Now, the outfit has widened its already growing purview by turning its attention to the cryptocurrency space. The pivot was the result of rising demand from its users, the firm’s chief executive officer Anthony Noto explained on Wednesday:
“Feedback from our members has made it clear that a significant percentage are not only interested in learning more about cryptocurrencies but are also already buying and selling crypto. We’re very pleased to be adding this new product to SoFi Invest, as access, education, and keeping costs low for our members is at the heart of what we do.”
SoFi Brand Is No Slouch
Never heard of SoFi before?
You’re likely to start hearing about them a lot more in the coming years, so the startup’s leap into the cryptocurrency ecosystem should help steadily introduce further attention to the space — at least if the company’s recent rising specter in the mainstream eye is any indication.

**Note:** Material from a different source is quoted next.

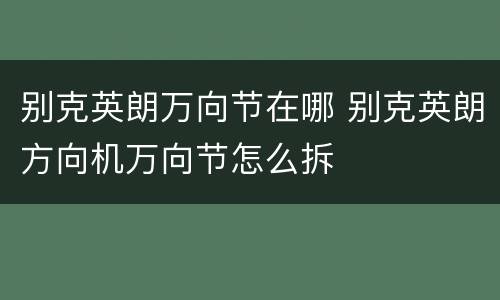 别克英朗万向节在哪 别克英朗方向机万向节怎么拆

It comes down to big backers and big moves. For instance, back in the spring the company’s latest fundraising round was headlined by the Qatar Investment Authority and brought in a hearty $500 million. The company had previously raised a separate $500 million in February 2017.
SoFi has put that freshly renewed war chest to practical use in trying to maximize the clout of its financial services. This month, the company reached a blockbuster deal with the Rams and Chargers franchises to receive the naming rights for the coming “SoFi Stadium” in Inglewood, California. The price tag? A cool $30 million per year for 20 years.
Notably, that deal marks the biggest sponsorship naming deal in sports history to date. The $5 billion SoFi Stadium, which will open in the summer of 2020, will thus home two of the NFL’s most lucrative teams and is also set to be the most expensive built yet in the league. The venue will host the high-profile Super Bowl LVI festivities in 2022.
These dynamics will introduce new users to SoFi Invest, which in turn could introduce newcomers to BTC, ETH, LTC, and beyond. Like the opening of cryptocurrency trading on Robinhood, SoFi’s pivot to crypto opens another mainstream gateway. So don’t expect an immediate flood, but the move is definitely a start on the adoption front.
SoFi Going for Millennials
Looking at its arena, SoFi is trying to edge out lending competitors like Affirm, CommonBond, and Figure in winning over millennial clients.
As such, the company’s addition of cryptocurrency investing to SoFi Invest is absolutely part of its effort to entice younger generations of users to give their services a try. Whether that strategy will be enough for SoFi to decisively pull ahead of the competition remains to be seen. What is clear is that the startup thought pivoting toward cryptocurrencies was an opportunity worth taking.
Moreover, their offerings will soon widen, as SoFi said on Wednesday that “more cryptocurrencies […] be added in the coming months.”